City officials laid out their plan Tuesday for an “accelerated moving event” at the Northwest Side park where people have lived in tents for months. The delayed effort’s “north star” is to get the encampment’s 29 residents into permanent housing, but the city will not be asking people to leave, Chief Homelessness Officer Sendy Soto said.

“We want to ensure that they are receiving the services and that this does not feel like a displacement for them, but rather receiving a benefit and an opportunity,” Soto said.

The planned flood of city resources into the encampment puts Johnson in the middle of a tense debate over the park encampment that has played out in packed community meetings and City Council public comments. Some nearby residents have long called on the city to clear out the encampment, while others insist the people living in Gompers Park must get a say over where they live, even if it means allowing them to stay.

At one October meeting of North Mayfair and North Park residents, city leaders told a frustrated crowd they had reached their capacity on the accelerated moving events that condense the process of getting a person into permanent housing. But after months of waiting and a recent weeklong delay, the plan is moving ahead now.

Encampment residents will be able to “virtually tour” apartment units and select one during the event staffed by an array of city agencies. The move-in’s cost the city about $30,000 per household — potentially near $1 million at Gompers Park, if all residents take the offer Wednesday — with most money going toward rental subsidies, according to Maura McCauley, acting commissioner of the Department of Family and Support Services.

Residents will also be connected with furniture and assigned case managers. The move-in process can take 30 to 90 days, a period in which residents are offered shelter placement, but can also return to their tents, McCauley said. In other accelerated moving events, 94.1% of residents got housing, according to an August 2023 audit by Inspector General Deborah Witzburg.

The event could lead to “no one at the park,” Soto said.
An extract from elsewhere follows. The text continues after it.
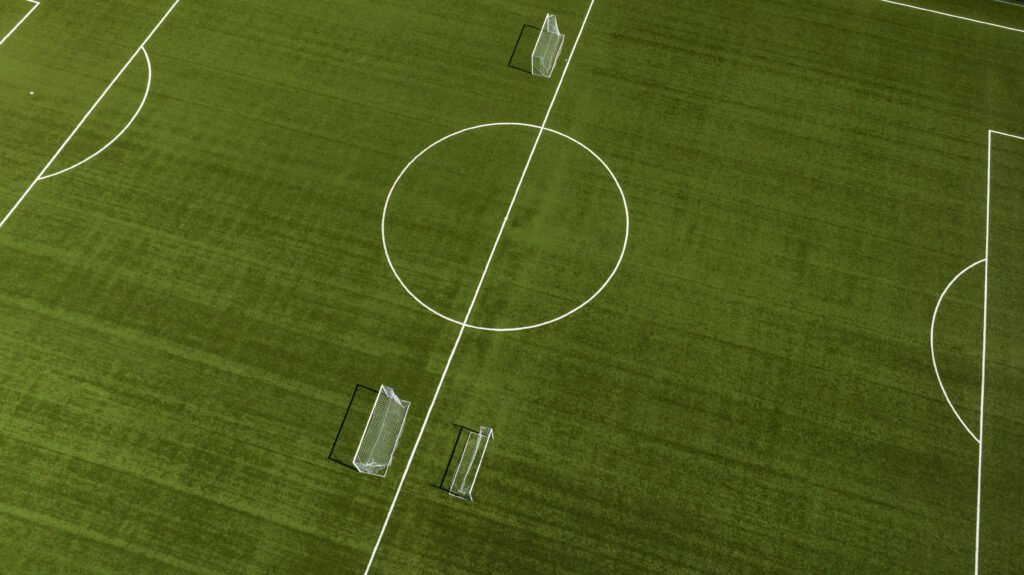 semifinales de la Libertadores: vista aérea del círculo central de una cancha de fútbol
Encampment residents will have the choice to stay if they want, and some may turn down the housing offer if the city does not have access to units in neighborhoods they want to stay in, she said.

“Being homeless is not a crime,” she said. “Homelessness is not an issue that can be solved at one park. It has to be solved with the right revenue, with the right amount of housing stock, and we’re working toward that, but we’re just not there yet.”

Threats to federal funding from President Donald Trump’s administration threaten the city’s ability to expand homelessness support work, Soto said. She blamed last month’s brief federal funding freeze for delaying the event a week.

The aftermath of a fire at a homeless encampment at Gompers on Feb. 5, 2025. (Audrey Richardson/Chicago Tribune)

Addressing homelessness is a key focus for Johnson, who strongly backed an unsuccessful bid last year to raise an estimated $100 million earmarked for homelessness services by raising taxes on real estate transfers over $1 million.

Ald. Sam Nugent, 39th, said the city’s Wednesday effort is “long overdue,” but praised the plan as a “win-win” for encampment residents and park-goers alike. Another campsite in Nugent’s ward along the North Shore Channel was cleared last summer and later fenced off by city authorities.

The encampment in Gompers Park is a safety issue, Nugent said. She cited three dozen Fire Department service calls since last year and several recent fires.

“There’s been a lot of drug use, there’s been a lot of alcohol use, and it’s really not a safe environment right now,” she said.

She said she is optimistic that residents will take up the housing put forward by the city.

“They’ve been asking for permanent stable housing, and that’s what they’re going to be offered.”